Overview of the application
Manufacturing relies on tools including jigs, fixtures, templates and gauges to maintain quality and production efficiency. They are used to position, hold, protect and organize components and subassemblies at all stages of the manufacturing process. And although these tools are virtually invisible when production is running smoothly, their importance becomes evident when problems arise. To avoid production halts or product defects, new jigs and fixtures must be rapidly designed, manufactured and deployed.
Value of using FDM or PolyJet
Jigs and fixtures are commonly fabricated by machining metal, wood or plastic. When this work is done in-house, it can tie up machine tools used for production work. When the work is subcontracted, lead times can take weeks. Whether they’re made in-house or outsourced, jigs and fixtures are subject to the same design-for manufacturability limitations that govern production work. This can result in designs that are not optimal for the operation.
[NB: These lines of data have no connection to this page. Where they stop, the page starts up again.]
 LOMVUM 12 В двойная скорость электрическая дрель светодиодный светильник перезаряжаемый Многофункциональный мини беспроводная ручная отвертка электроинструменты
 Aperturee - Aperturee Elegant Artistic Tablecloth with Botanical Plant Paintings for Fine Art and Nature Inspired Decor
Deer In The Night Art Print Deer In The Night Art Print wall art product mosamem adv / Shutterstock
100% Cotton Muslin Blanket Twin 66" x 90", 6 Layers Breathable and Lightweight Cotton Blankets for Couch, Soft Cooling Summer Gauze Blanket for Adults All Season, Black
Benefits & Best Fit for FDM
FDM provides a fast and accurate method of producing jigs and fixtures. FDM is an additive manufacturing process that builds plastic parts layer-by-layer using data from computer-aided design (CAD) files. By using FDM, the traditional fabrication process is substantially simplified; toolmaking becomes less expensive and time consuming. As a result, manufacturers realize immediate improvements in productivity, efficiency and quality. Additionally, these tools can be designed for optimal performance and ergonomics because FDM places few constraints on tool configuration. What’s more, adding complexity does not increase build time and cost.
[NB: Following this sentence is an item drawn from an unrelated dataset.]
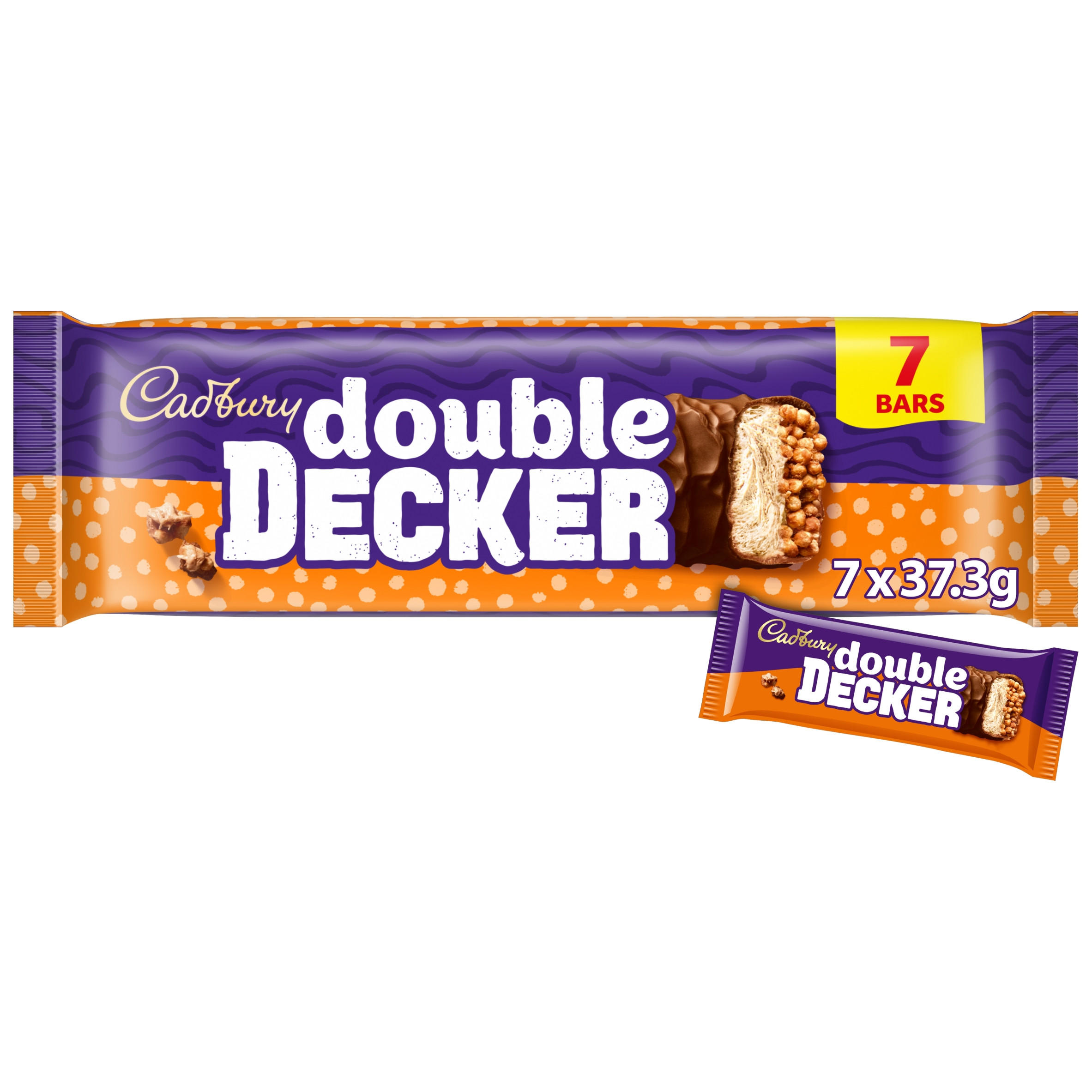Iceland Cadbury Double Decker Chocolate Bar 7 Pack Multipack 261.1g (7 x 37.3g)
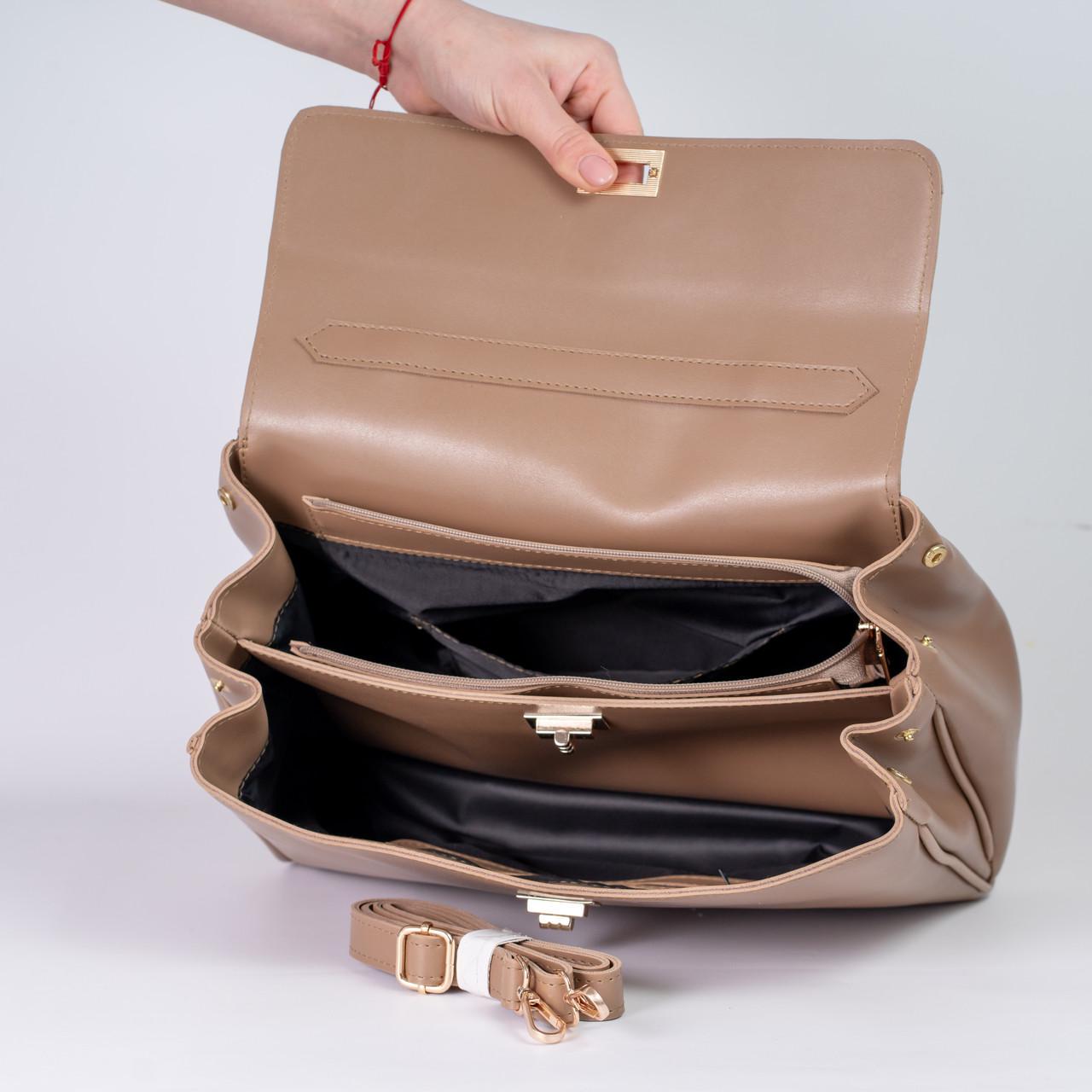 Сумка женская почтальона из экокожи XENIA № 67-24 Светло-коричневый - фото 4 Сумка женская почтальона из экокожи XENIA № 67-24 Светло-коричневый - фото 4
The efficiency of FDM makes it practical to optimize jig and fixture designs and increase the number in service. Engineers can easily evaluate the performance of the tool and make quick, cost-efficient adjustments to the design as needed. FDM also makes it practical to produce jigs and fixtures for operations where they have not been previously cost or design feasible when produced with traditional manufacturing methods.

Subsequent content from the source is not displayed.